Suivra deux ans plus tard la compagnie Caliband Théâtre à travers une adaptation fidèle de cet unique roman. Dernier porte-voix de cette déshumanisation à la chaîne, Julien Martinière donne à son tour son point de vue, lui qui, jusque-là, s’était fait un nom en littérature jeunesse (notamment avec Le tracas de Blaise). Un premier pas en BD qu’il dédie à Joseph Ponthus et à «tous les invisibles».

Du livre original, il va en garder la cadence d’usine. Un peu plus de 200 pages qui se lisent d’un trait, coupées par des chapitres très courts qui filent. C’est une citation de Guillaume Apollinaire qui pose le décor : «C’est fantastique tout ce qu’on peut supporter.» C’est vrai, Joseph, désormais personnage, va en faire des sacrifices car «il faut bien bosser».

Il va même les retranscrire, écrire comme il travaille, «à la chaîne, à la ligne». Avec lui, on découvre les odeurs, le pointage, les douleurs, l’ennui et l’abrutissement à la tâche.
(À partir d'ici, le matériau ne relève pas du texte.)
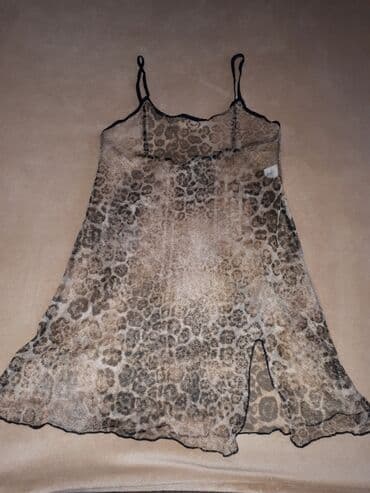 iç geyim: Пеньюары/Gecelikler : cehrayi --15 manat M qara M -- 5 manat — 6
Mais également les rituels qui soulagent (la pause café-clope), la solidarité des travailleurs, et ces chansons qu’ils fredonnent pour oublier leurs gestes mécaniques. «L’usine bouleverse mon corps, mes certitudes. Ce que je croyais savoir du travail et du repos. De la fatigue. De la joie. De l’humanité», peut-on lire.

À cela s’ajoutent des réflexions plus générales sur le capitalisme, la précarité, les syndicats, la productivité… Le tout rehaussé de petites touches de littérature (Zola, Dumas, Aragon, de La Bruyère) et de musique (Trenet, Lavilliers, Dutronc). Oui, l’usine l’a eu, comme le reconnaît Joseph, et Julien Martinière essaie de coller au plus près de l’idée : fixer les détails des lieux et des mouvements au travail de son trait au crayon, noir fin, minutieux.

Mais aussi ces nuits sans sommeil, ces balades au bord de la mer avec le chien Pok Pok, la présence chaleureuse d’un amour… Sans oublier les libertés graphiques qu’il s’octroie, que l’on évoque le découpage ou ses envolées métaphoriques, transformant l’usine en scène de guerre ou en enfer plein de carcasses, de sang, de gras et de merde. Si la forme du texte initial n’existe plus, ça n’enlève en rien la qualité de l’appropriation, fraternelle et, comme son modèle, «d’une paradoxale beauté».

À la ligne, de Julien Martinière. Sarbacane.

C’est fantastique tout ce qu’on peut supporter

L’histoire

C’est l’histoire d’un ouvrier intérimaire qui est embauché dans les conserveries de poissons et les abattoirs bretons. Jour après jour, il inventorie avec une infinie précision les gestes du travail à la ligne, le bruit, la fatigue, les rêves confisqués dans la répétition de rituels épuisants, la souffrance du corps. Ce qui le sauve, c’est qu’il a eu une autre vie. Il connaît les auteurs latins, il a vibré avec Dumas, il sait les poèmes d’Apollinaire et les chansons de Trenet. C’est sa victoire provisoire contre tout ce qui fait mal, tout ce qui aliène. Et, en allant à la ligne, on trouvera dans les blancs du texte la femme aimée, le bonheur dominical, le chien Pok Pok, l’odeur de la mer.